Cuban refugee boat as displayed in the exhibition Black Mosaic: Race, Color and Ethnicity Among Black Immigrants in Washington, DC.  Smithsonian Institution, Anacostia Community Museum Collections
Cuban refugee boat as displayed in the exhibition Black Mosaic: Race, Color and Ethnicity Among Black Immigrants in Washington, DC

I decided to commit some of my practicum experience to researching the object and rewriting the description, as it seemed to meet the criteria of being “current, compelling, and connected,” three C’s that help guide ACM’s mission.

I began researching and writing a new description to accompany the image of the boat on the Smithsonian’s website. I asked myself how, as a historian, I might convey the significance of this object and place it within a broader historical context. How, as a storyteller, might I engage my audience with vivid descriptions of the hazards that Cuban migrants confront on their ninety-mile voyage between Cuban and Floridian shores? My initial instincts for writing the description relied upon the writing of museum educator Larry Borowsky, who asks curators to pose three questions as they craft a narrative arc in their writing for museumgoers:

  • Does it create an air of suspense and/or tension?
  • Does it trace a journey through time and/or distance?
  • Does it encourage the reader to suspend disbelief?
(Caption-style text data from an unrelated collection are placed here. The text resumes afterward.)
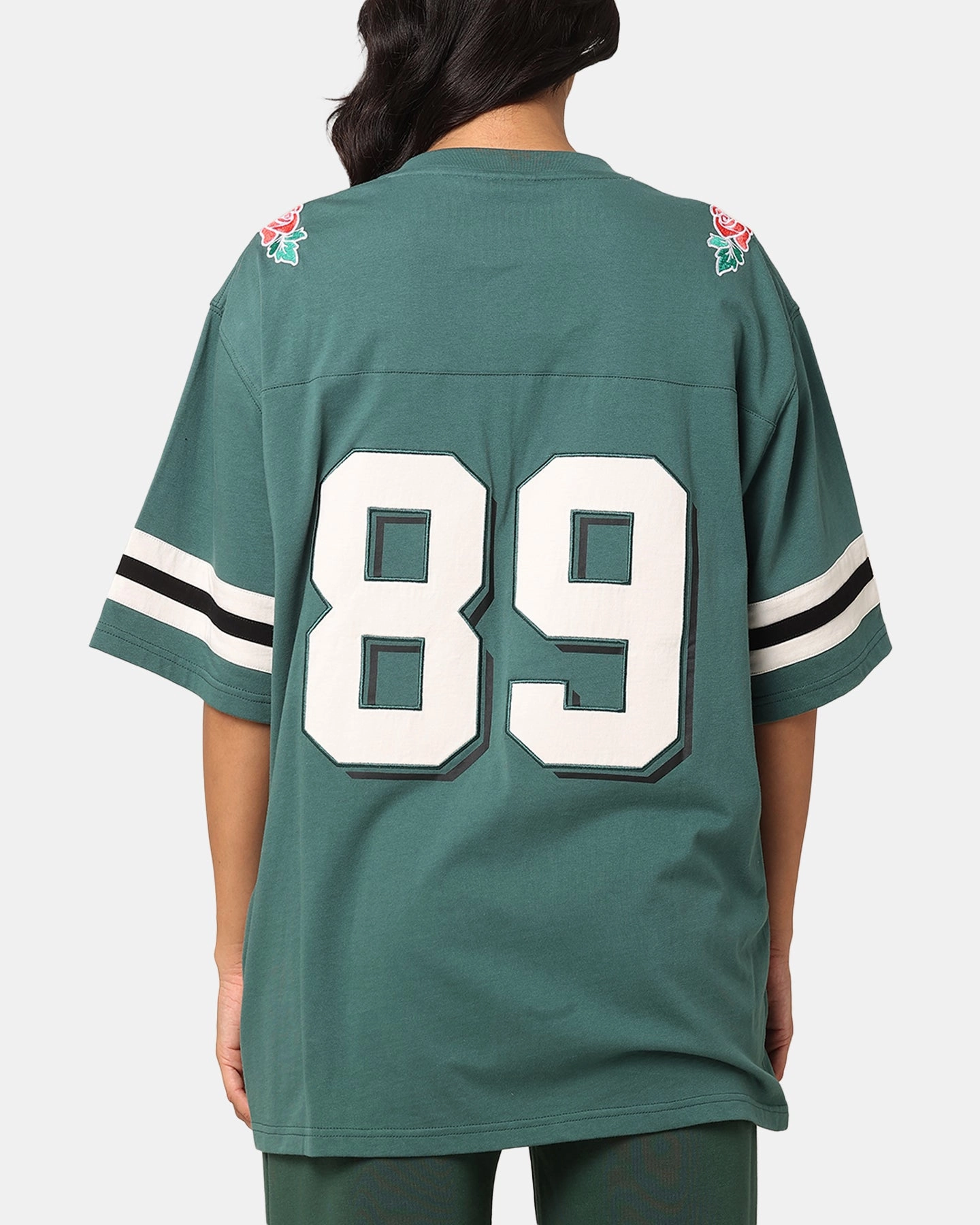Breezy Comfort Lightweight Look Carre Rose Bowl Football T-Shirt Green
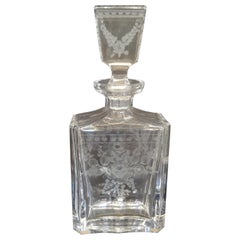 Engraved by Hand Crystal Liquor Rectangular Bottle Made Germany in the 1950s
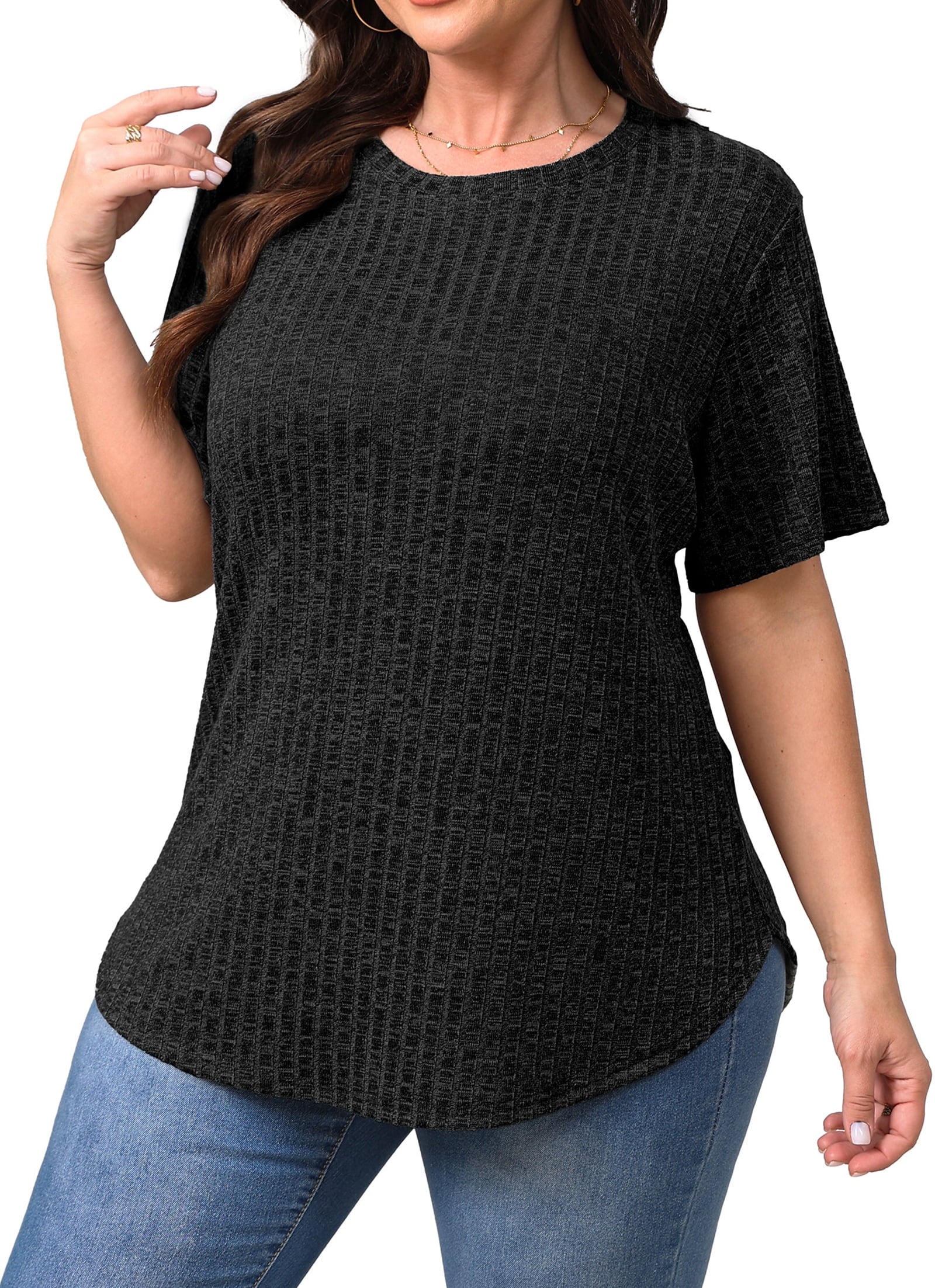 Womens plus Size Tops Crewneck Short Sleeve Shirts Casual Loose Tunic Tops Curved Hem Summer Blouses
In my first attempts to write what I considered to be an “effective” description, I hewed closely to my disciplinary training as a historian, and soon found myself writing more of a narrative than a collections description. My first draft of the collection description read more like an exhibition label than an object description that might accompany the boat in a collections search. The need for brevity within a collection description was a new concept for me – my dissertation-writing style would need to be scaled back. I wanted to include multiple political perspectives since this object interacts with contemporary political events. However, that muddied the delivery of pertinent historical facts that would place the boat in research context.

After meeting with Ariana and discussing the differences between a collections description and a museum tag, I decided to split the labor in half. First, I rewrote the description, focusing on conveying a clearer curatorial voice and sticking closer to the most important facts:

Some Cuban emigrants construct vessels like the one seen here from miscellaneous materials including discarded wood, sets of tires, and even converted taxis and trucks to travel the 90 miles from Cuba to the U.S. Known as balseros, rafters, or boatpeople, the largest single group of 125,000 Cubans departed from the port of Mariel to the U.S. in 1980. Between 1959 (Cuban Revolution) and the Mariel boatlift of 1980, 500,000 Cuban immigrants entered the United States.

Cubans have unique immigration laws, including the Cuban Adjustment Act. The 1966 Cuban Adjustment Act granted permanent resident status to any Cuban that had immigrated to the U.S. after January 1, 1959 and had lived in the U.S. for at least two years (reduced to one year in 1976). The 1995 revision of the Cuban Adjustment Act, popularly known as the “wet foot, dry foot” policy, allows Cuban migrants that reach U.S. land to stay, whereas those apprehended at sea are returned to Cuba.

According to their public website, the Miami-based non-profit organization Hermanos al Rescate (Brothers to the Rescue), founded in 1991, has rescued more than 4,200 Cuban refugees attempting to enter U.S.

Next, I turned to writing a museum tag under one hundred words that might accompany the Cuban refugee boat in an exhibit. I’ve imagined the boat as a part of a larger exhibit detailing Cuban immigration experiences to the United States in the twentieth century. As part of a full exhibit, much of the corroborating information not necessarily tied to this specific boat in the collections description above will be include in museum tags that would accompany other artifacts or images.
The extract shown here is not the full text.